On 1/28/19 7:26 PM, Andrey Borodin wrote:
* I am no fan of the tupdesc vs truncTupdesc separation and think that it is a 
potential hazard, but I do not have any better suggestion right now.
B-tree is copying tupdesc every time they truncate tuple. We need tuple 
truncation a little more often: when we are doing page split, we have to form 
all page tuples, truncated.
Initially, I've optimized only this case, but this led to prepared tupledesc 
for truncated tuples.

* There is no test case for exclusion constraints, and I feel since that is one 
of the more important uses we should probably have at least one such test case.

Actually, I did not understand this test case. Can you elaborate more on this? 
How included attributes should participate in exclude index? What for?

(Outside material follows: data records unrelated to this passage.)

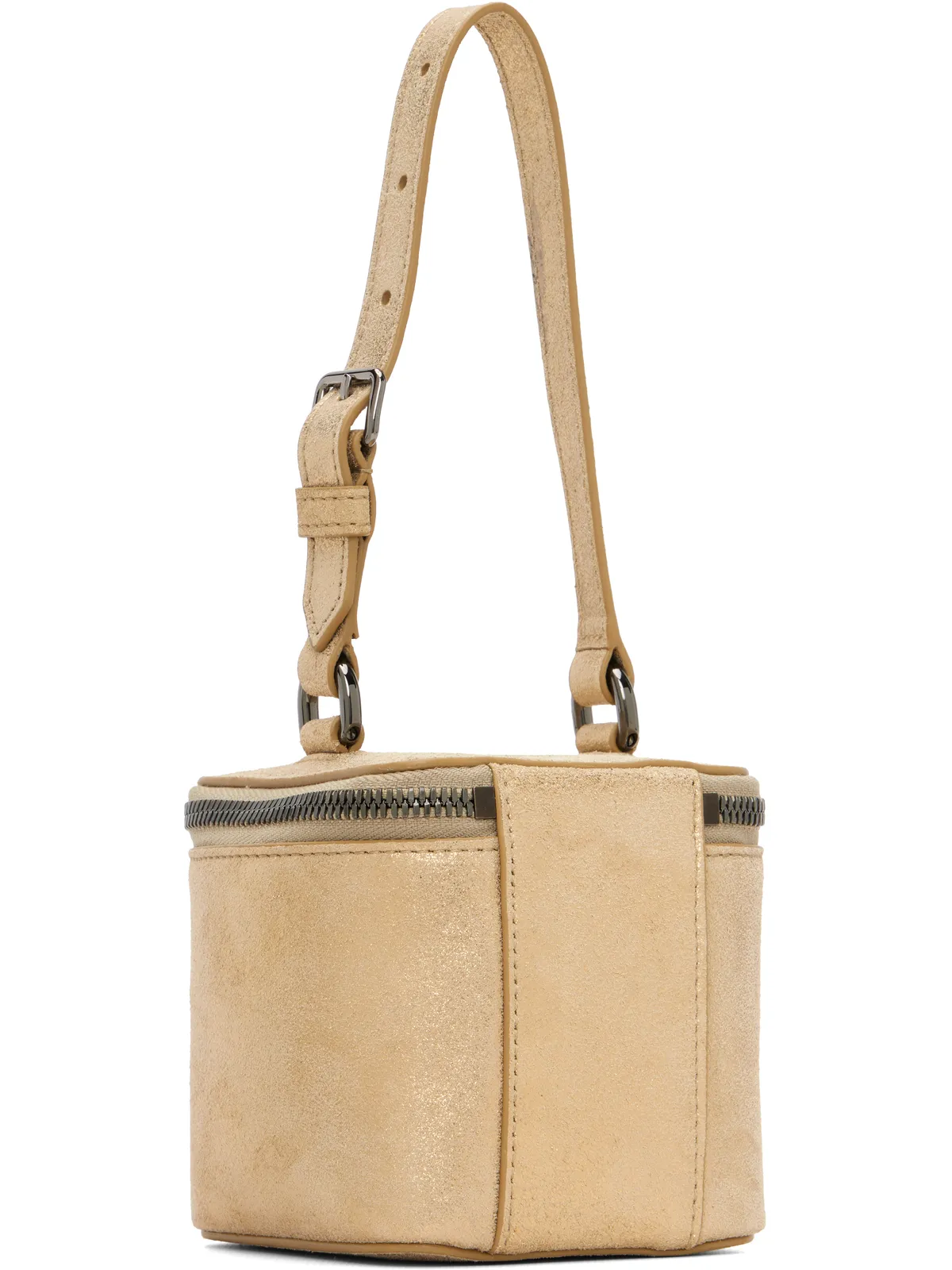 Maison Margiela ミニ Box レザー バッグ - 画像3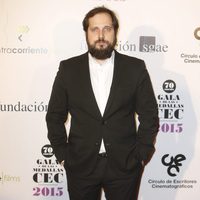 Carlos Vermut en las medallas del Círculo de Escritores Cinematográficos 2014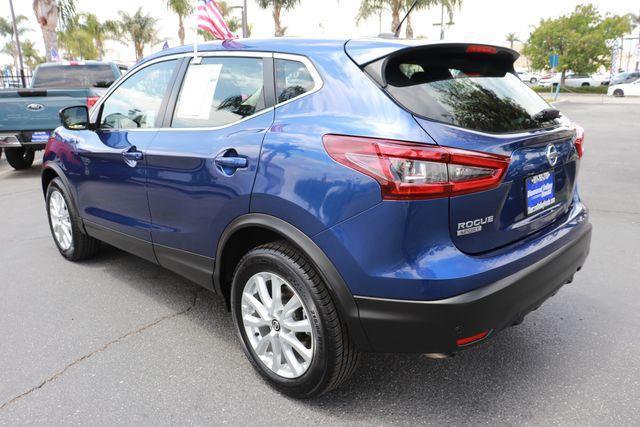 used 2022 Nissan Rogue Sport car, priced at $18,000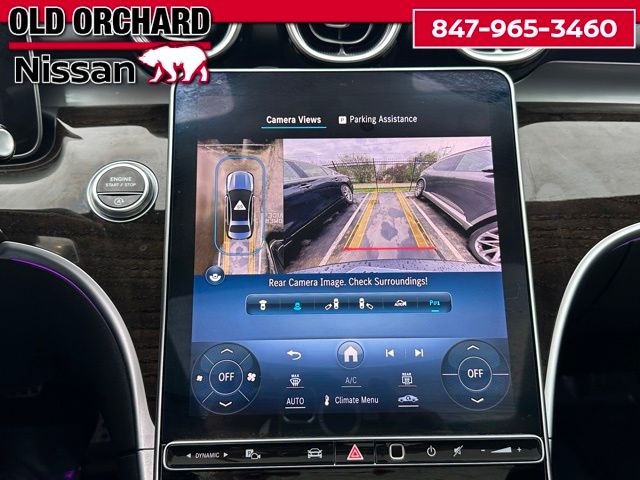 2023 Mercedes-Benz C-Class C 300 Sedan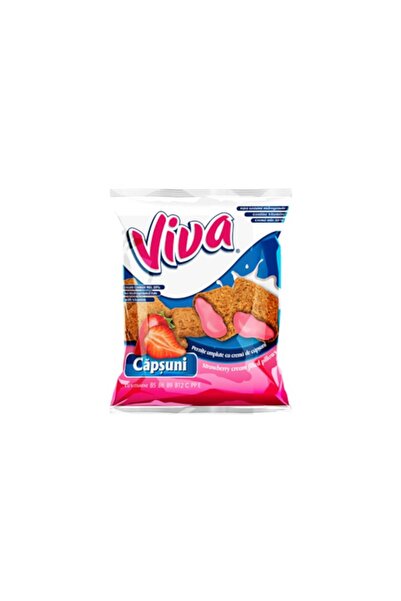 OEM Viva strawberry pillows, 3x 200 g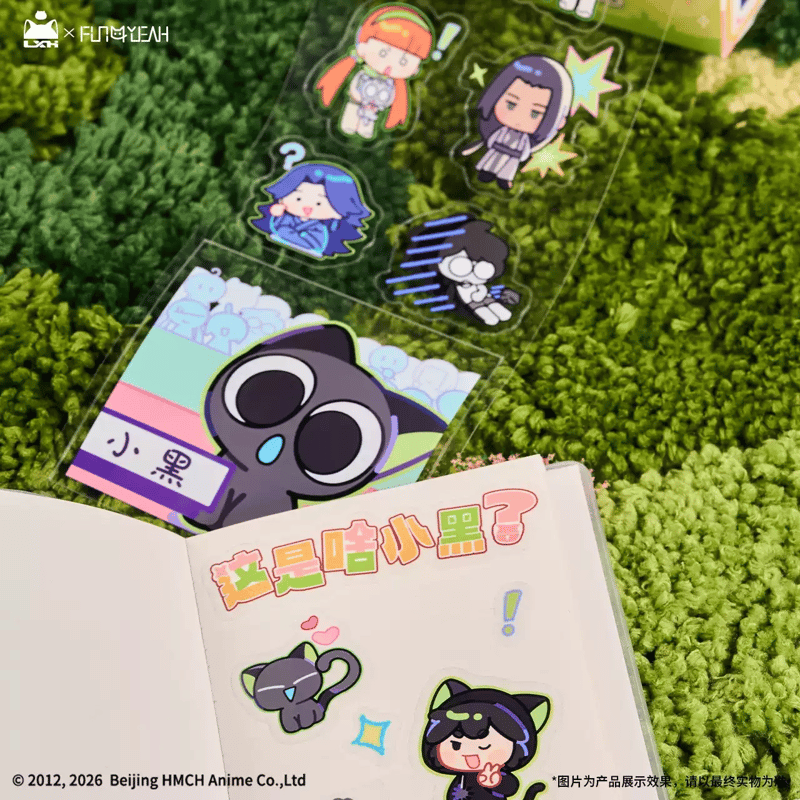 羅小黒戦記 FUN4YEAHコラボ 「なんじゃこりゃ」小黒シリーズ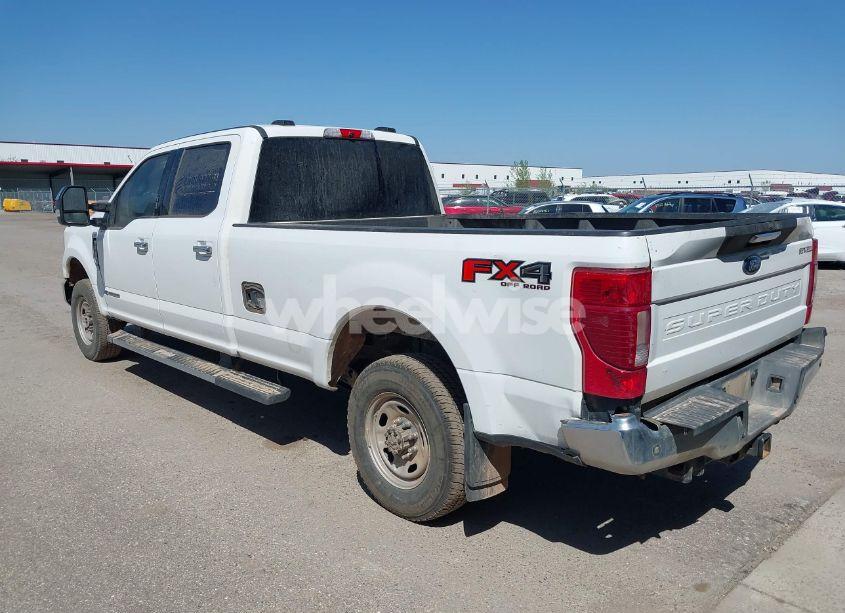 Photo 3 of 2021 Ford F-350 XLT (VIN 1FT8W3BTXMEC60411)
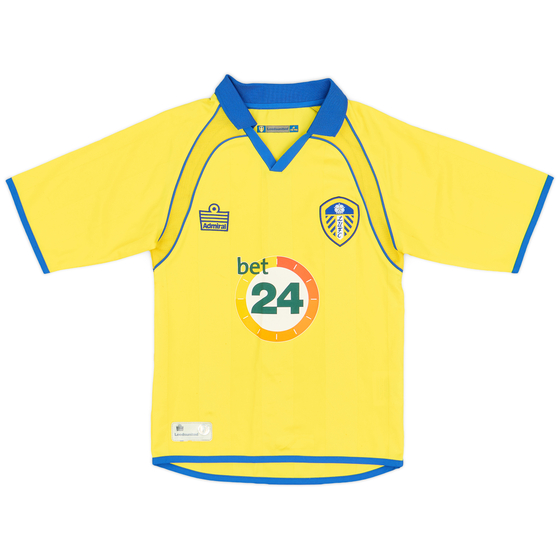 2006-07 Leeds United Away Shirt #2 - 8/10 - (S.Boys)
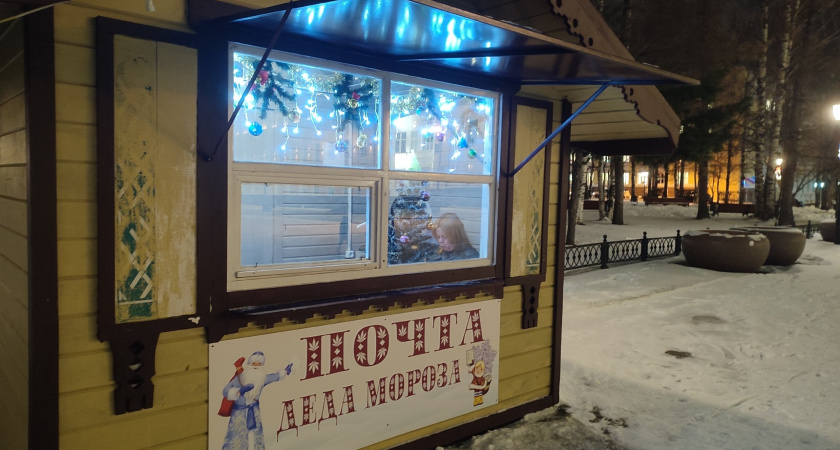 Жители Воронежской области смогут обратиться к Деду Морозу письменно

I mean include a table like below among the tests. I feel like this is a main use case for INCLUDE.

CREATE TABLE t2 (
  x int4range,
  y int,

  EXCLUDE USING gist (x WITH &&) INCLUDE (y)
);
* Why the random noise in the diff below? I think using "(c3) INCLUDE (c4)" for 
both gist and rtree results in a cleaner patch.
I've used columns with and without opclass in INCLUDE. This led to these 
seemingly random changes.

I mean the diff would be smaller as the below. It also may make sense to make both lines "(c3) INCLUDE (c1, c4)".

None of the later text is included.